That’s the setting for a new comedy being written by “The Hangover” writers Jon Lucas and Scott Moore and directed by “Blades of Glory” filmmakers Will Speck and Josh Gordon.
The quartet, who are developing the untitled movie at DreamWorks, plan on looking at one such party that goes horribly awry. It wouldn’t be the first time the holidays would be the subject of comedy fodder for Moore and Lucas, who wrote the screwball film “Four Christmases.”
The project -- which Scott Stuber, Guymon Cassady and Daniel Rappaport will produce -- not only piles on the filmmaking talent but also provides a nice complement, with the writers excelling in a certain kind of outrageousness and the directors lately showing a flair for the subtle and heartfelt. Speck-Gordon, who direct this weekend’s Jennifer Aniston-Jason Bateman parenting dramedy “The Switch,” are already picking up heat as the movie generates strong buzz.

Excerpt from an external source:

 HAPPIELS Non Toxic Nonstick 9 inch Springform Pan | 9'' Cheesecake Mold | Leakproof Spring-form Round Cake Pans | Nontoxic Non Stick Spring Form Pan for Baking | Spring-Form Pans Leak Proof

Along with “Switch” producers Mandate Pictures, Speck-Gordon are also developing a new movie with a distinctly Southern California feel -- a “Down & Out in Beverly Hills"-style culture-clash film about a Persian family and an American family that live next door to each other. Speck-Gordon are teaming with Nasim Pedrad, the Iranian American “Saturday Night Live” cast member, who will write the script.
The directors are also connected with Moore-Lucas in a number of ways. Bateman, who just starred in their film, will also star in the upcoming “The Change-Up,” which Lucas and Moore penned. And they’re united in the way Hollywood likes: box-office clout.
With $119 million in domestic box office, “Blades of Glory” is the fourth-highest-grossing sports comedy of all time, according to Box Office Mojo. And “The Hangover”? It’s the most successful R-rated comedy of all time. Let the holiday-party outrageousness begin.